They Both Die at the End

“Let me take a photo. Actually, lean in with me.”

I can’t see anything, but I look straight, squinting, and smile. He puts the glasses back on my face and I check out the photo. I look like I’ve just woken up. Rufus wearing my glasses is a welcome intimacy, like we’ve known each other for so long that this kind of silliness comes easily to us. I wasn’t ever counting on this.

“I would’ve loved you if we had more time.” I spit it out because it’s what I’m feeling in this moment and was feeling the many moments, minutes, and hours before. “Maybe I already do. I hope you don’t hate me for saying that, but I know I’m happy.

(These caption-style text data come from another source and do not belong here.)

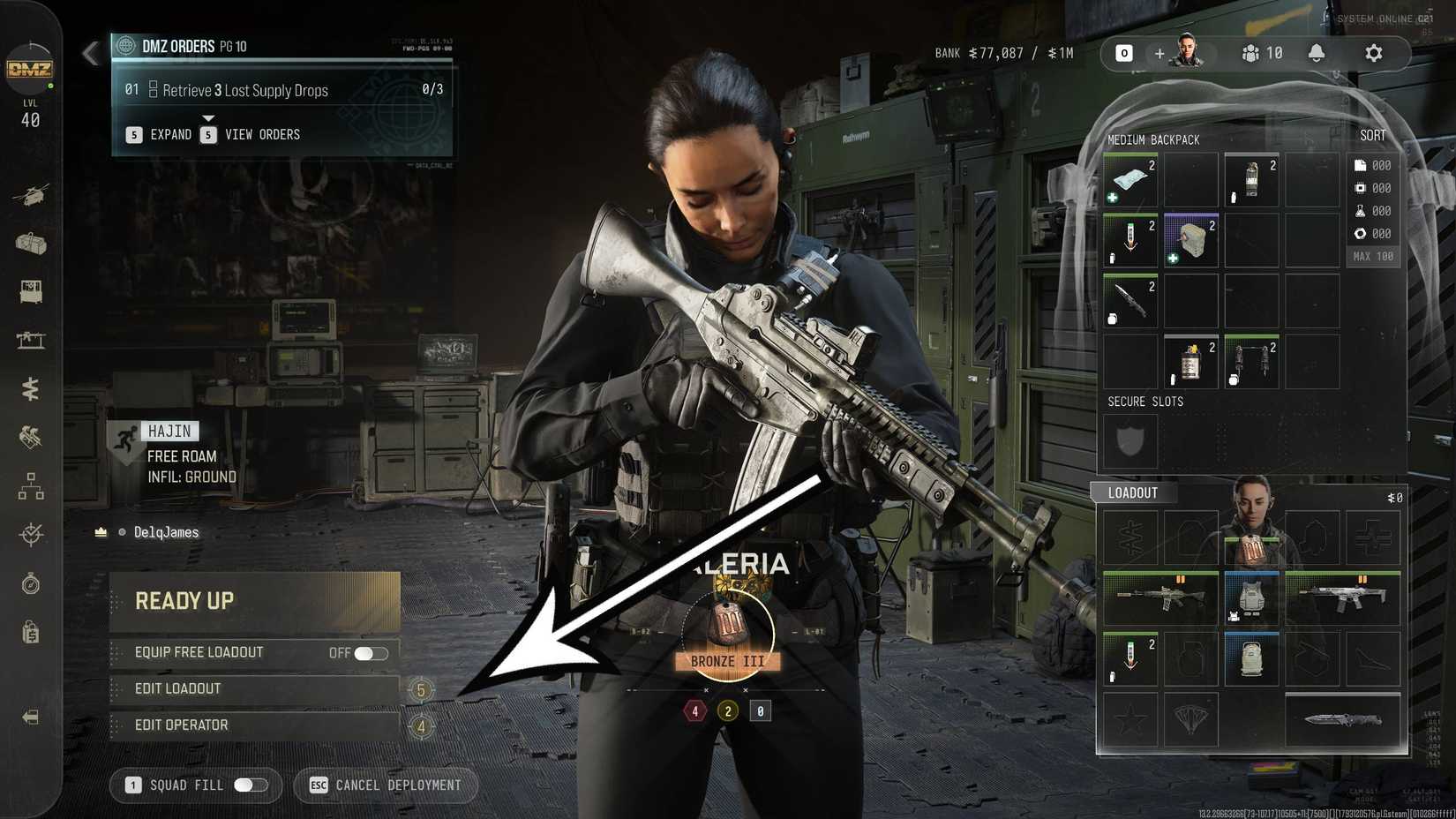 8 MW4 DMZ beginner's tips to help you conquer Hajin 21 The deployment screen in DMZ with an arrow pointing at the insurance options.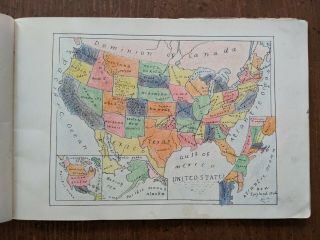 C.  1900 Hand Drawn Maps Book - School,  Colored Manuscript Atlas,  Europe America,
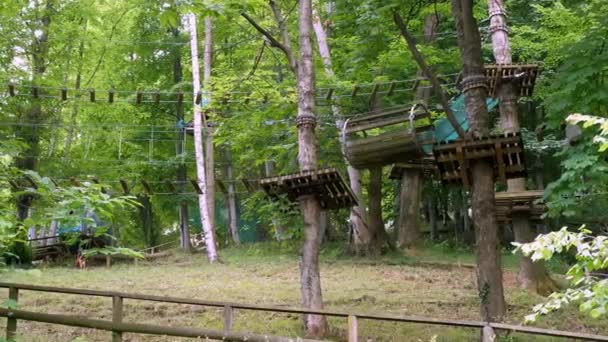 Лісовий Мотузковий Парк Курс Перешкод Зроблений Нейлоновими Скелелазіннями Прив Язаними — стокове відео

“People have their time stamps on how long you should know someone before earning the right to say it, but I wouldn’t lie to you no matter how little time we have. People waste time and wait for the right moment and we don’t have that luxury. If we had our entire lives ahead of us I bet you’d get tired of me telling you how much I love you because I’m positive that’s the path we were heading on. But because we’re about to die, I want to say it as many times as I want—I love you, I love you, I love you, I love you.”





RUFUS


7:54 p.m.

“Yo. You know damn well I love you too.” Man, it actually hurts how much I mean this. “I don’t talk out of my dick, you know that’s not me.” I wanna kiss him again because he resurrected me, but I’m tight. If I didn’t have common sense, if I hadn’t fought so hard to be who I am, I would do some dumb shit again and punch something because I’m so pissed. “The world is mad cruel. I started my End Day beating up someone because he’s dating my ex-girlfriend and now I’m in bed with an awesome dude I haven’t known for twenty-four hours. . . . This sucks. Do you think . . . ?”

“Do I think what?” Twelve hours ago Mateo would’ve been nervous asking me a question; he would’ve done it, but he would’ve looked away. Now he doesn’t break eye contact.

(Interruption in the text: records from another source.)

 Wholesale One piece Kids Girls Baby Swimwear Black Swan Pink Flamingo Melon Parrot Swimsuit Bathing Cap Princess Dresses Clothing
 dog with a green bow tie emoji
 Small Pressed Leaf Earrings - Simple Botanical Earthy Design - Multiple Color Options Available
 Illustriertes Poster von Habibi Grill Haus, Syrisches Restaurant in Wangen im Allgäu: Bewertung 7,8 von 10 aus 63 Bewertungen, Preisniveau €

I hate to ask it, but it might be on his mind too. “Did finding each other kill us?”

“We were going to die before we knew each other,” Mateo says.

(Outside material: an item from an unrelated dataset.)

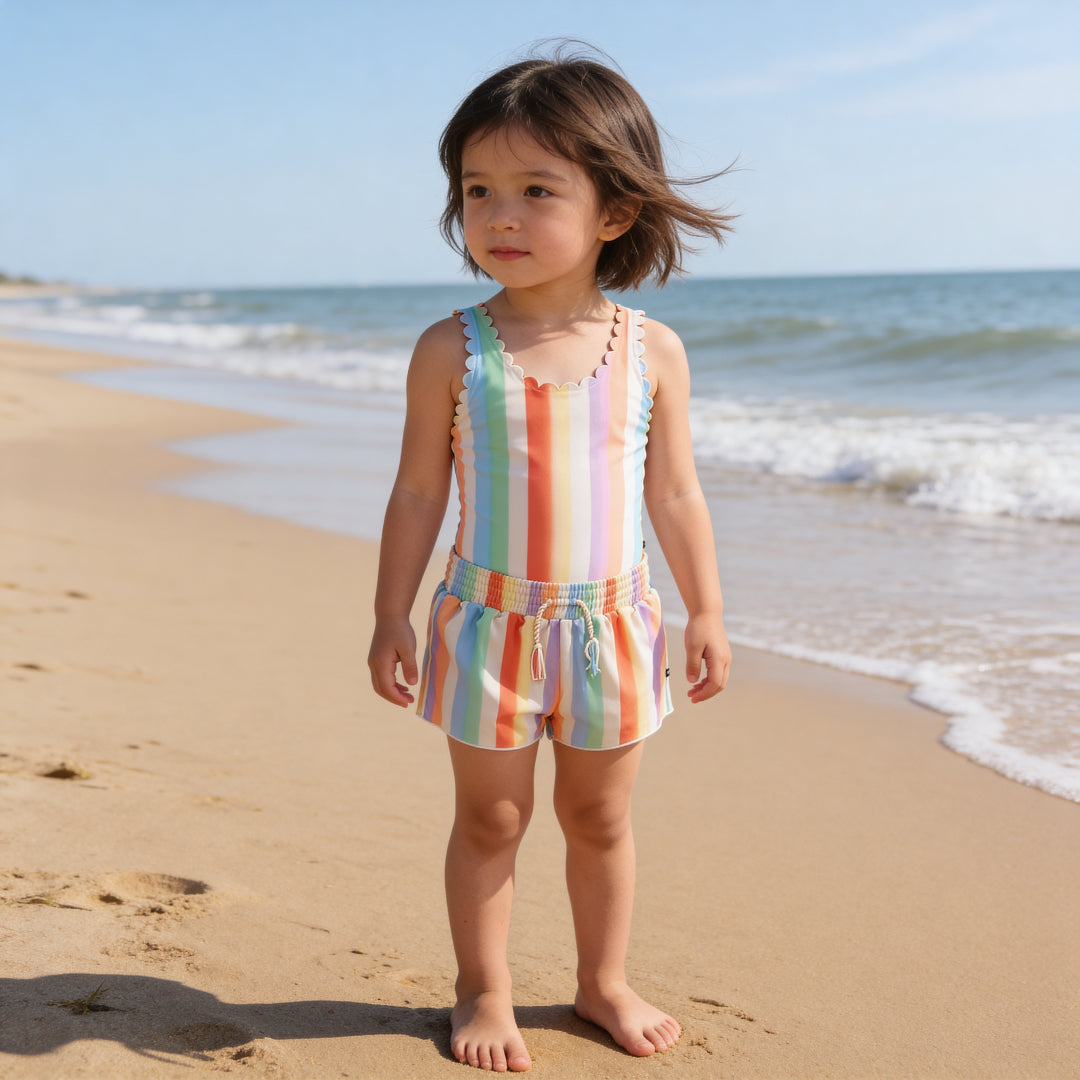 Girls Sunset Stripe Swimsuit &amp; Trunks Set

“I know. But maybe this is how it was always written in stone or the stars or whatever: Two dudes meet. They fall for each other. They die.” If this is really our truth, I get to punch whatever wall I want. Don’t try and stop me.

“That’s not our story.” Mateo squeezes my hands. “We’re not dying because of love. We were going to die today, no matter what. You didn’t just keep me alive, you made me live.” He climbs into my lap, bringing us closer. He hugs me so hard his heart is beating against my chest. I bet he feels mine. “Two dudes met. They fell in love. They lived. That’s our story.”

“That’s a better story. Ending still needs some work.”

“Forget about the ending,” Mateo says in my ear. He pushes his chest away from mine so he can look me in the eye. “I doubt the world is in the mood for a miracle, so we know not to expect a happily-ever-after. I only care about the endings we lived through today. Like how I stopped being someone afraid of the world and the people in it.”

“And I stopped being someone I don’t like,” I say. “You wouldn’t have liked me.”

He’s tearing up and smiling. “And you wouldn’t have waited for me to be brave. Maybe it’s better to have gotten it right and been happy for one day instead of living a lifetime of wrongs.”

He’s right about everything.

We rest our heads on his pillows. I’m hoping we die in our sleep; that seems like the best way to go.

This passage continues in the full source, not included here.